─── Working data ───

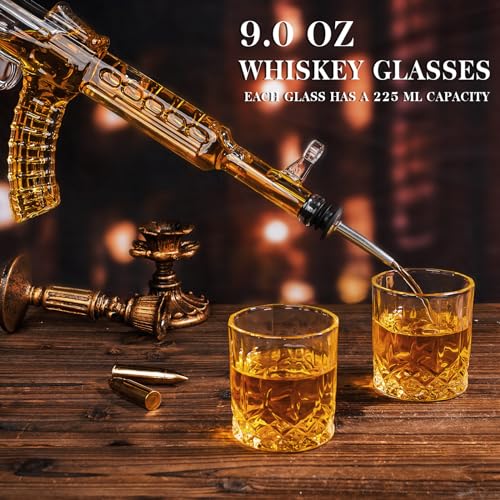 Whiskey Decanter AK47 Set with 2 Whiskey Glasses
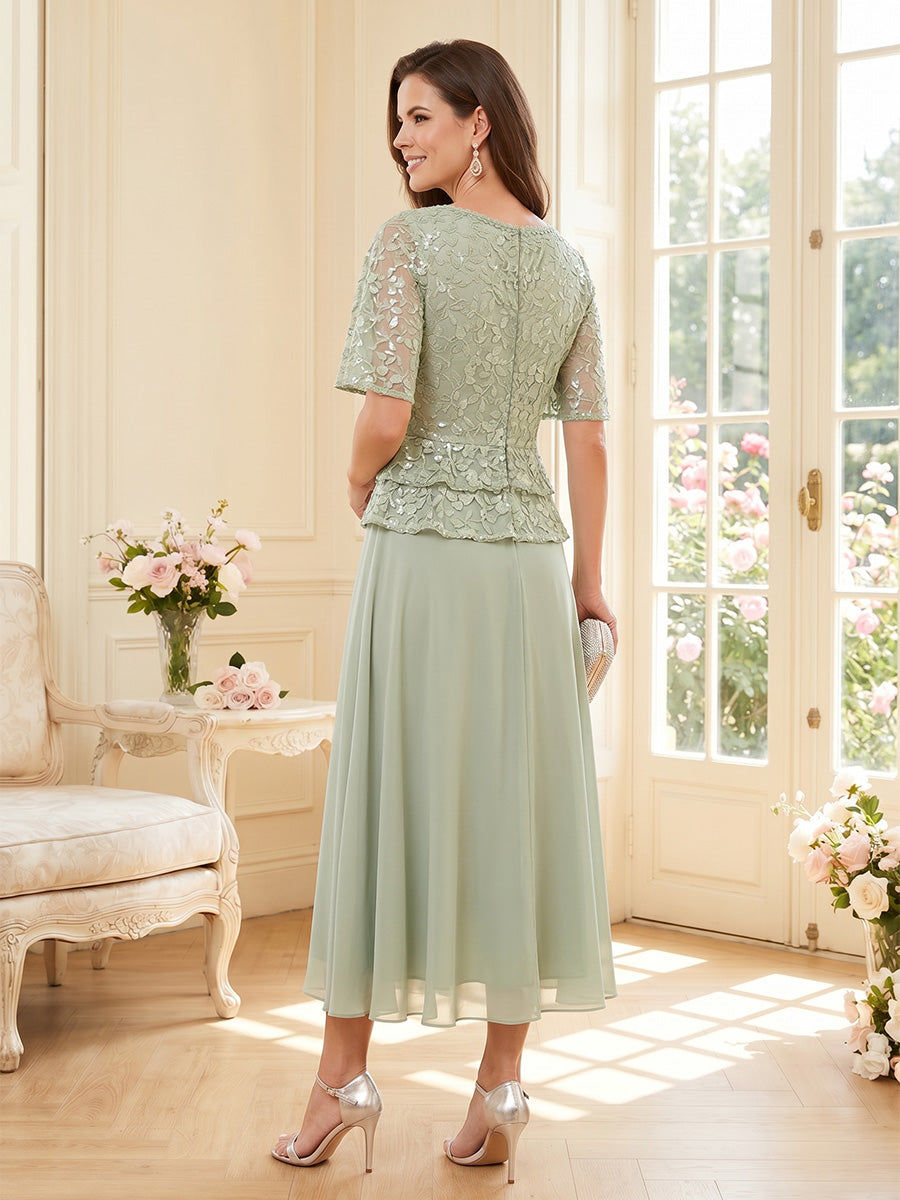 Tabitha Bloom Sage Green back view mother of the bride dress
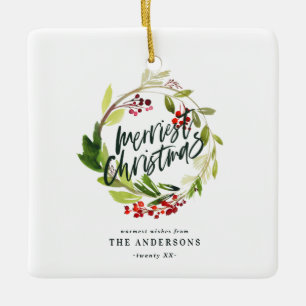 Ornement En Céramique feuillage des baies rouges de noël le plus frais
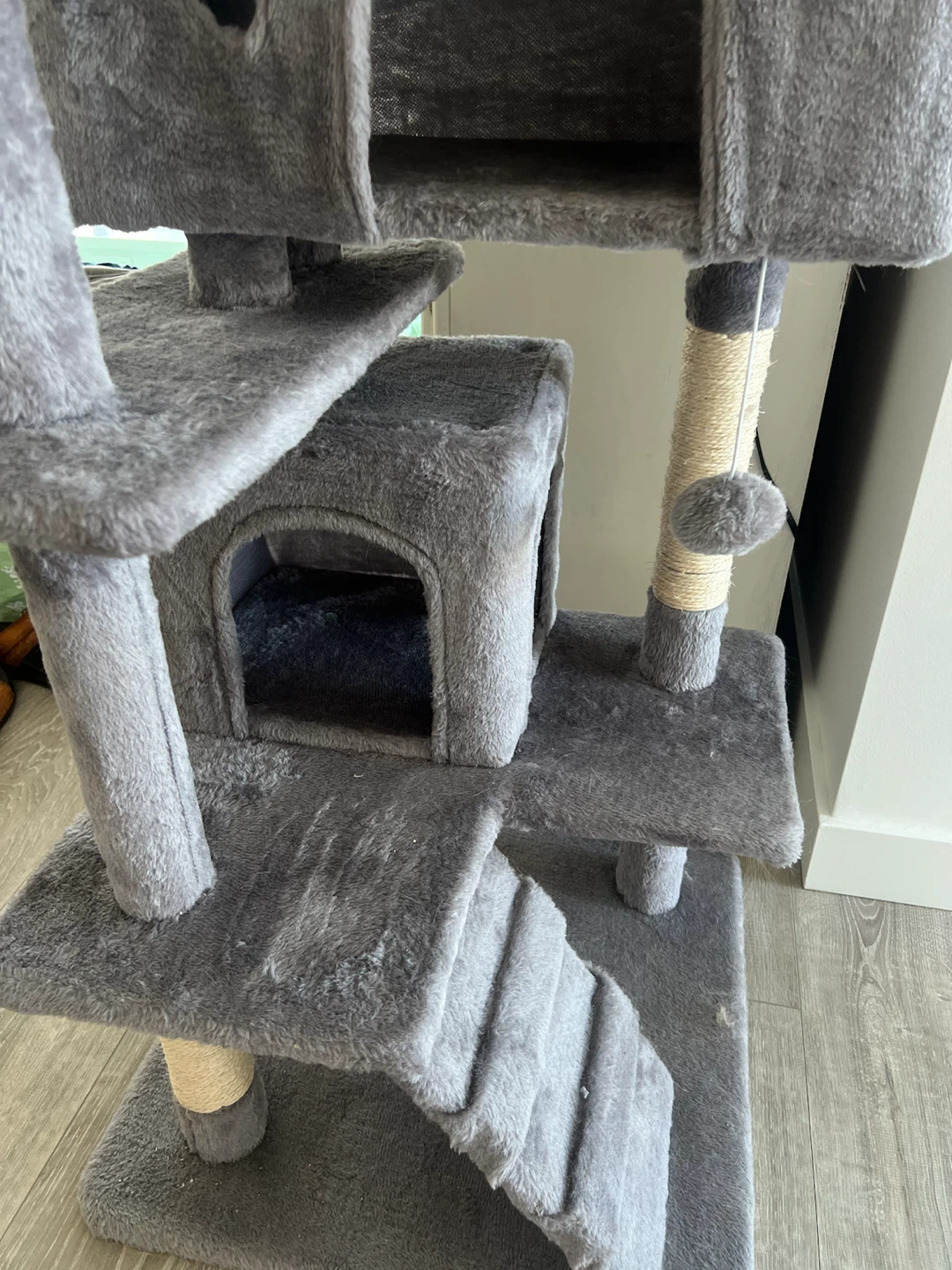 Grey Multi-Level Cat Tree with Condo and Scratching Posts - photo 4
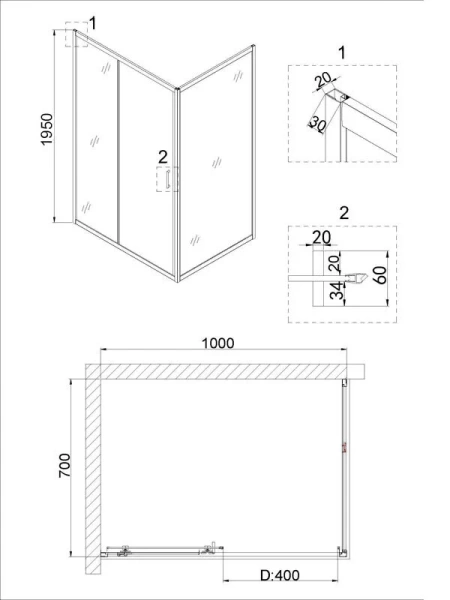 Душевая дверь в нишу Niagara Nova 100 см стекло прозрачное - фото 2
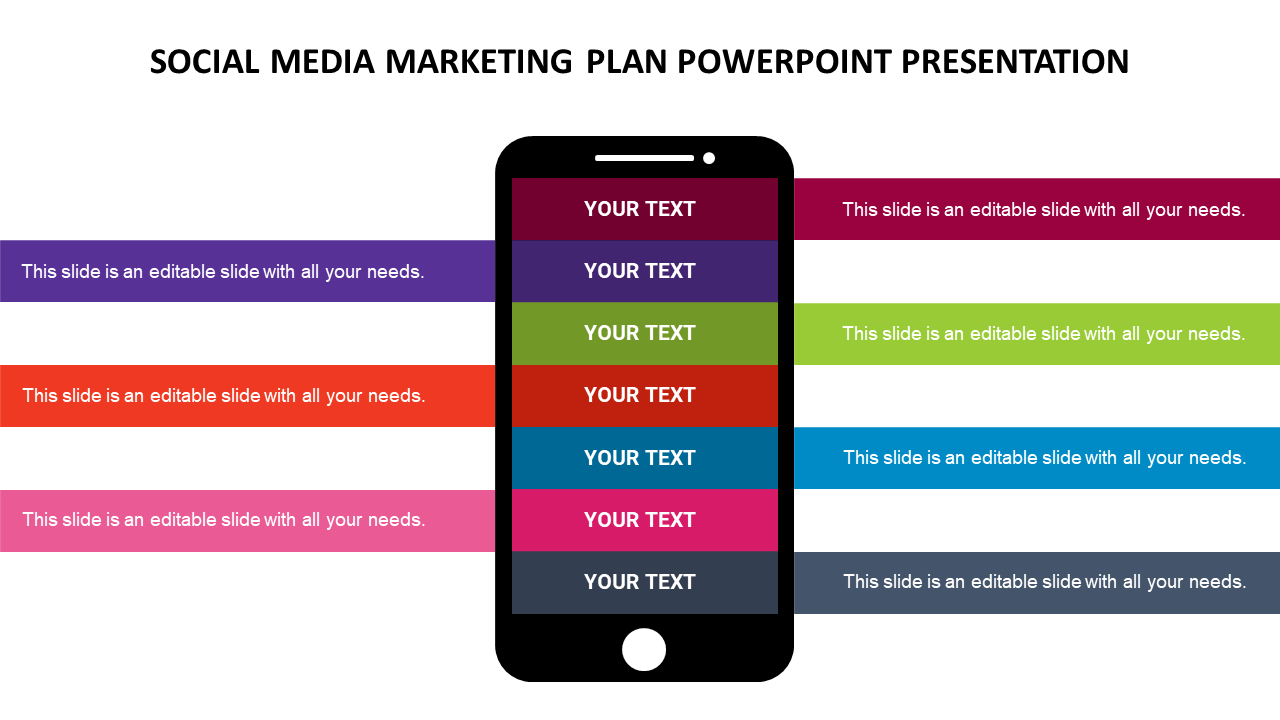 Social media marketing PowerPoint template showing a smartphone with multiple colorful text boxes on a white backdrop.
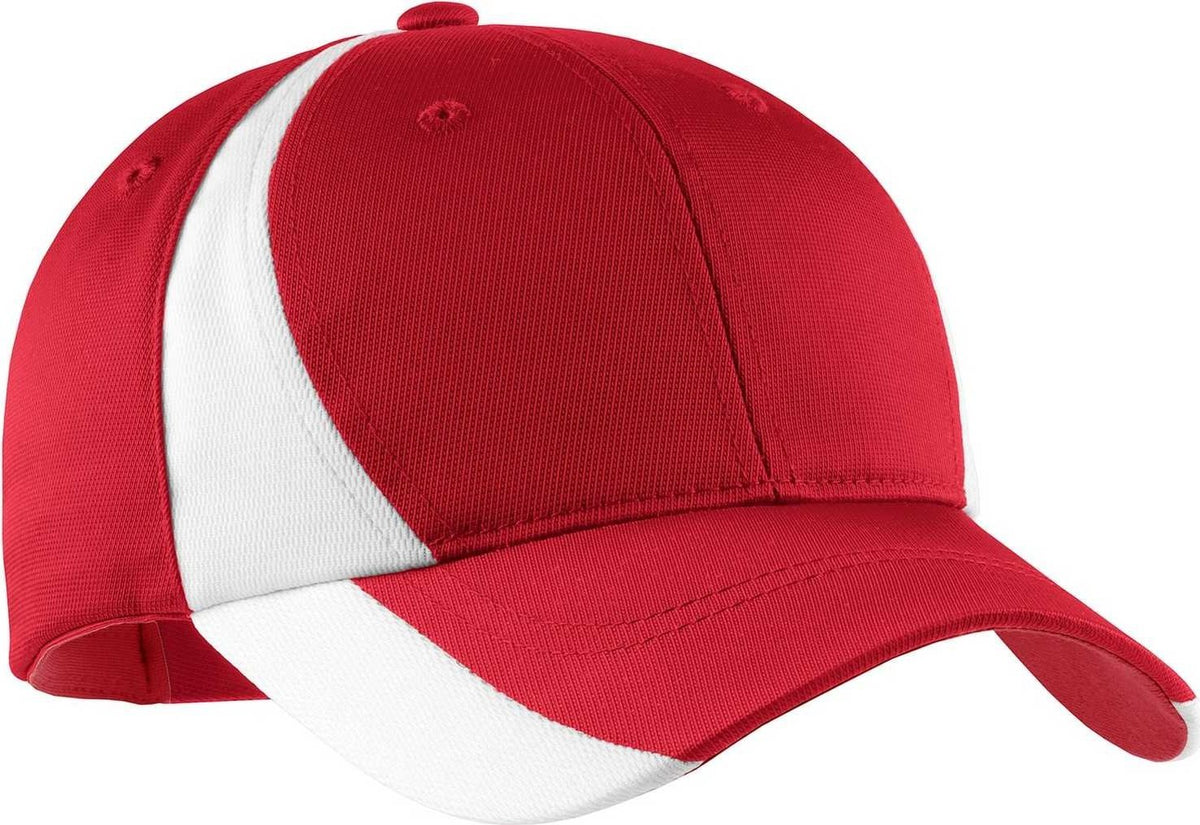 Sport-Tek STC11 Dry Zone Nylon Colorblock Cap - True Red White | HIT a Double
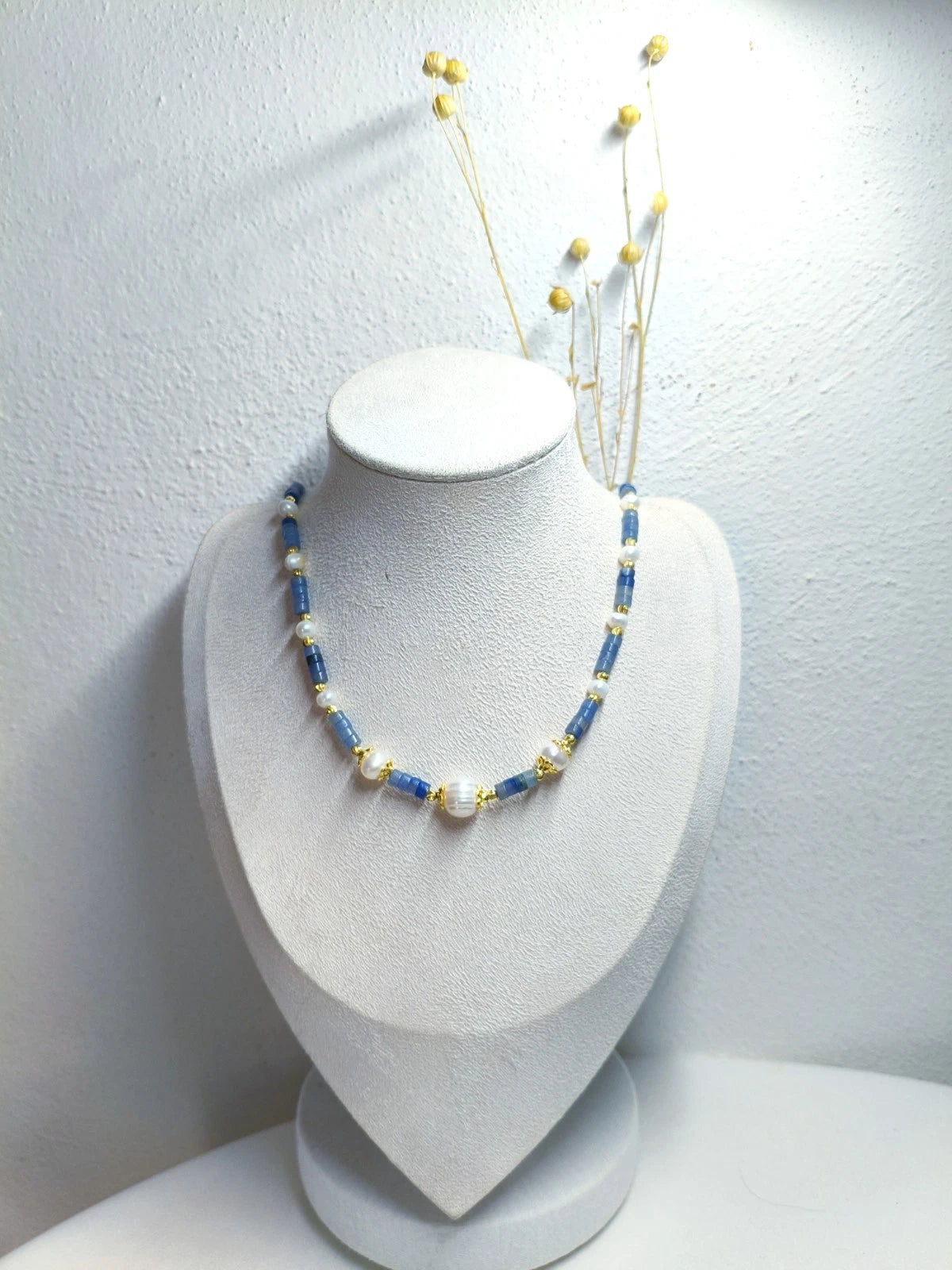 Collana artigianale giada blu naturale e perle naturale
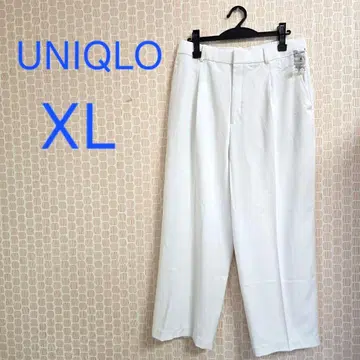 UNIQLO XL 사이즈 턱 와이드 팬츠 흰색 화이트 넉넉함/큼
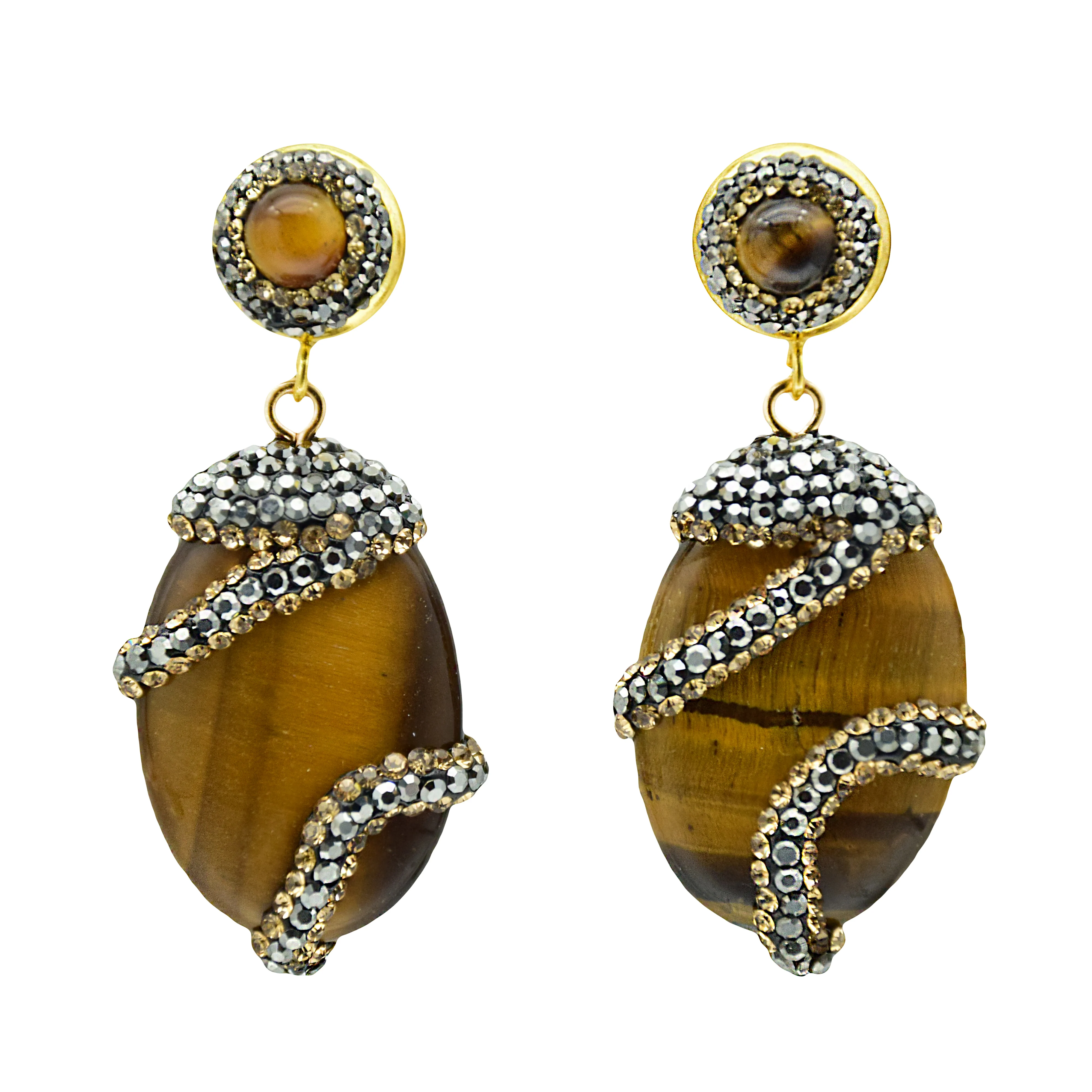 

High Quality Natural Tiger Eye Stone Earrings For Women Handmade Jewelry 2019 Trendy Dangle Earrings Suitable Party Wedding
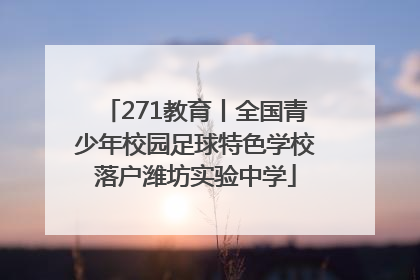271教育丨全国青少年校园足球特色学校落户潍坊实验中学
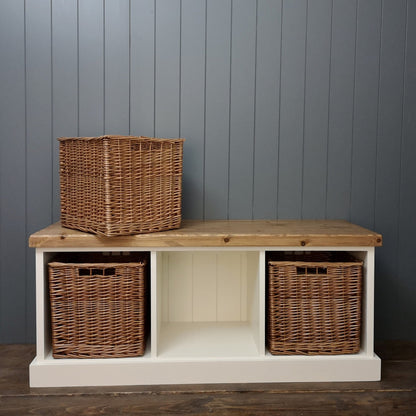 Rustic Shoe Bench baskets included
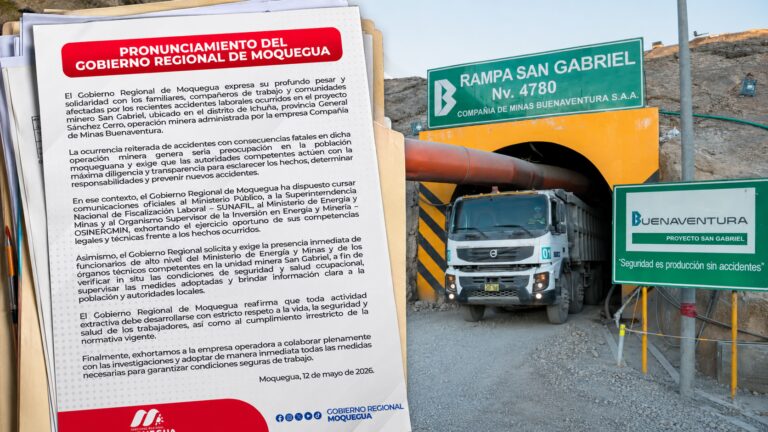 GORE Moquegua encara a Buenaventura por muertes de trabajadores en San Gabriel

───

* Problem details
Having located the line with "271教育丨全国青少年校园足球特色学校落户潍坊实验中学", transcribe exactly and only the lines from it to the final line of the material, skipping the pictures.

* Answer box
271教育丨全国青少年校园足球特色学校落户潍坊实验中学
 Rustic Shoe Bench baskets included
 GORE Moquegua encara a Buenaventura por muertes de trabajadores en San Gabriel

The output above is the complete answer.